## Stored data
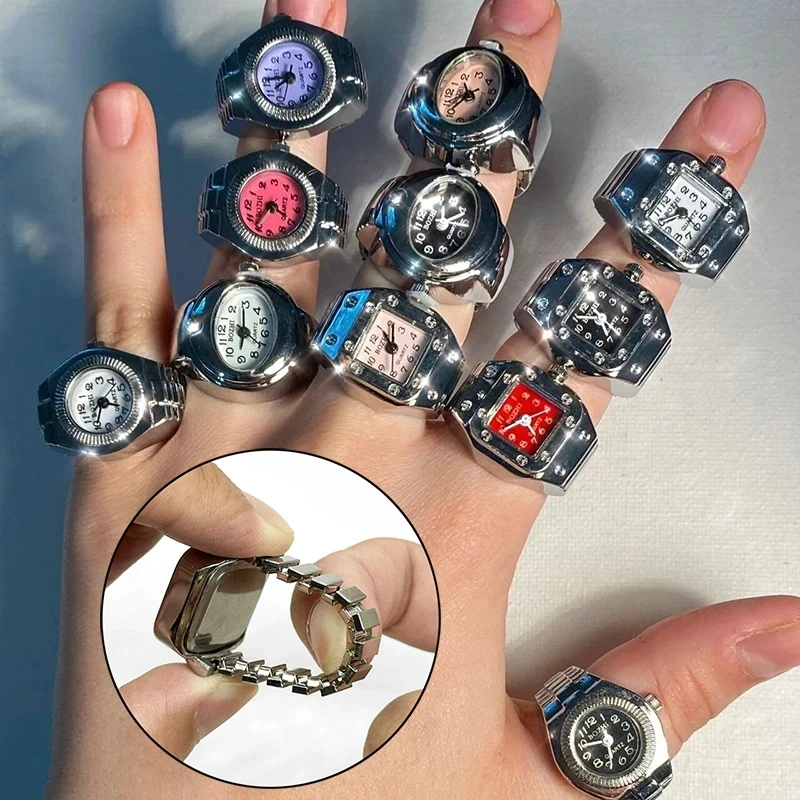 Steel Fun Jewelry New Creative Watch Finger Ring for Teens Fashion Individuality Punk Couple Rings Digital Watch Stretchy Rings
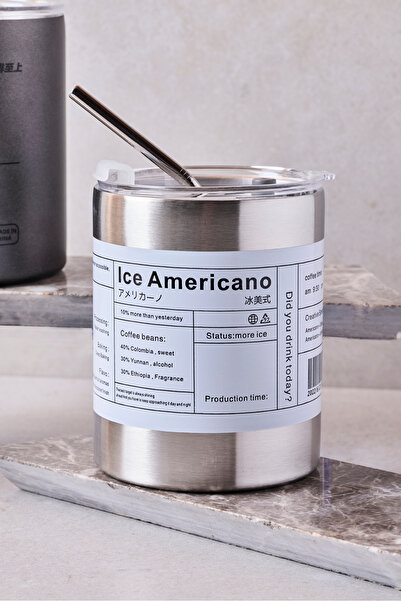 Perotti Stain 360 ml Stainless Steel Thermos Cup with Straw - Double-Layered ...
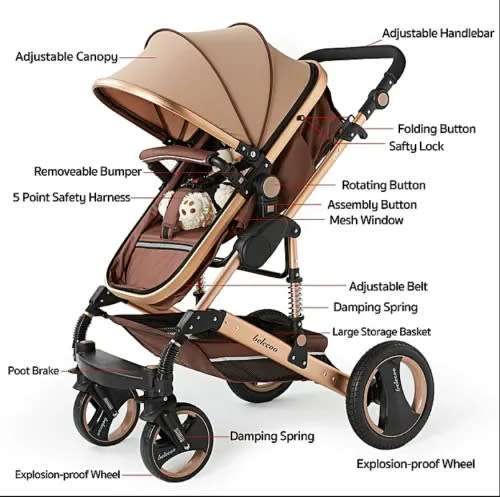 2 in 1 BABY PRAM STROLLER - Dark Brown (Chocolate)
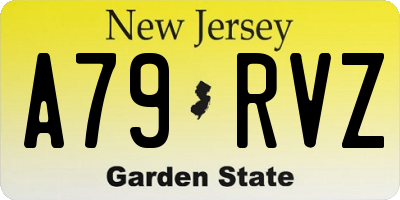 NJ license plate A79RVZ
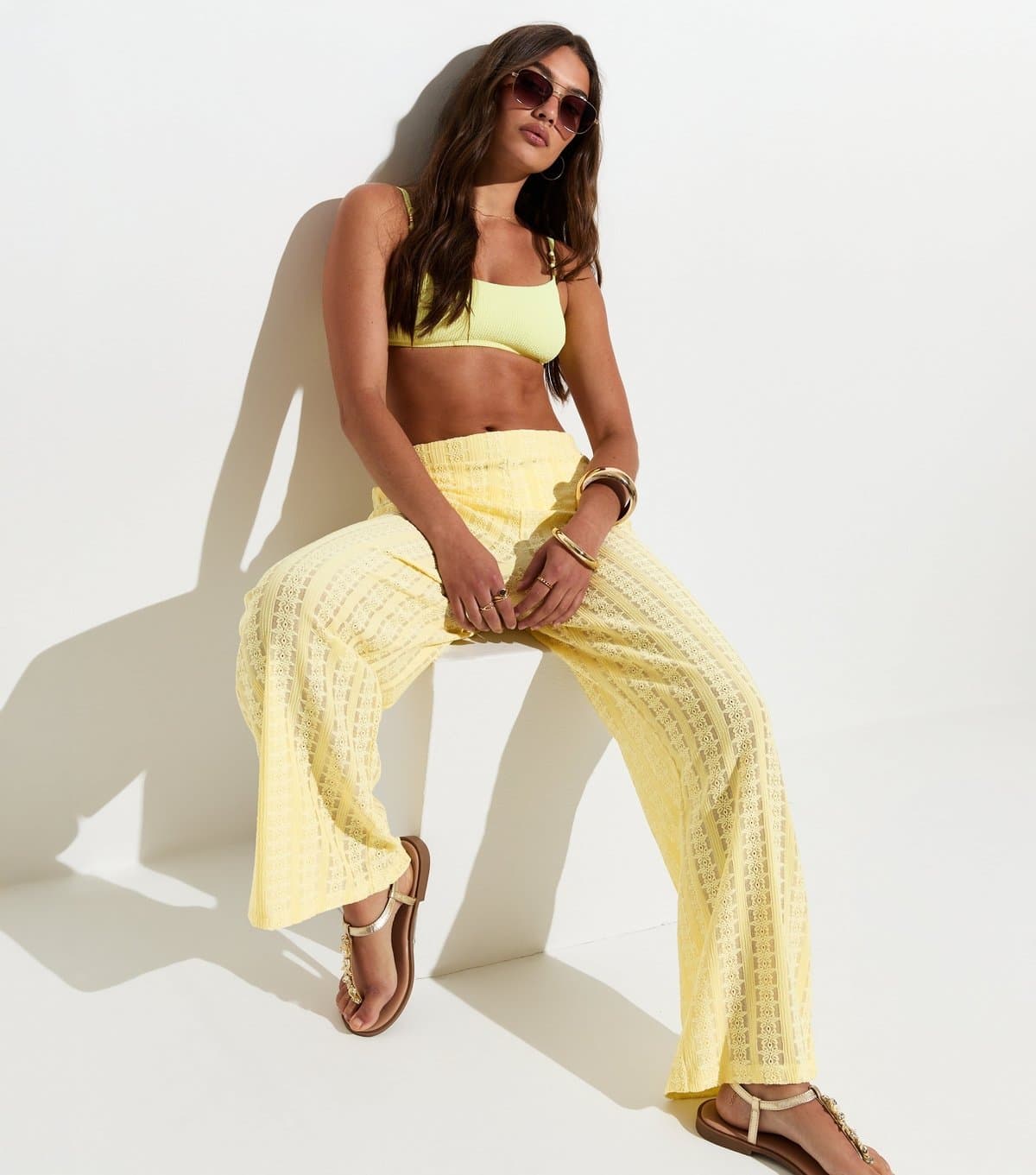 New Look New Look Yellow Lace Beach Wide Leg Trousers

## Task to complete
Repeat the data word for word. Skip the pictures.

## Exercise solution
 Steel Fun Jewelry New Creative Watch Finger Ring for Teens Fashion Individuality Punk Couple Rings Digital Watch Stretchy Rings
 Perotti Stain 360 ml Stainless Steel Thermos Cup with Straw - Double-Layered ...
 2 in 1 BABY PRAM STROLLER - Dark Brown (Chocolate)
 NJ license plate A79RVZ
 New Look New Look Yellow Lace Beach Wide Leg Trousers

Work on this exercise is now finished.